Ladies I had 5 day old blasts transferred on sat. Today I have that heavy kind of period feeling and when I went to the bathroom I have noticed some light pink spotting. Obviously I so want this to be implantation bleeding but I am worried it is af. I am on prognova and ultrogeston. Could my period be coming so early? Can you get af when you are taking ultrogeston? Last time af did not come until I stopped the tablets and usually my periods are regular in that I have a 31 to 33 day cycle never shorter.
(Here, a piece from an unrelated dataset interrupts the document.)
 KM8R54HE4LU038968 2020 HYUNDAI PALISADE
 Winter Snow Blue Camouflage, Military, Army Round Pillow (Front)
Sorry for all the questions and I know you ladies are not doctors but there is so much experience on this site I am hoping someone can help.
Mrs sihns


----------



## Travel Girl (May 13, 2007)

Hi MrsSigns

Light pink spotting is very common.  Hopefully it's implantation although it may be a little early?  Light pink or brown blood is fine as it's old blood.  

Best of luck
TG x


----------



## staceysm (Nov 18, 2010)

Hi,

Its strange how we all get told different things.  My clinic say that an embie implants within 24 to 48 hours, so it could well be implantation bleeding.

I had brown/pink spotting throughout my 2ww and got a BFP.  My clinic said it can either be one of the embies coming away or implantation from where the embie has implanted and digging in to your womb lining.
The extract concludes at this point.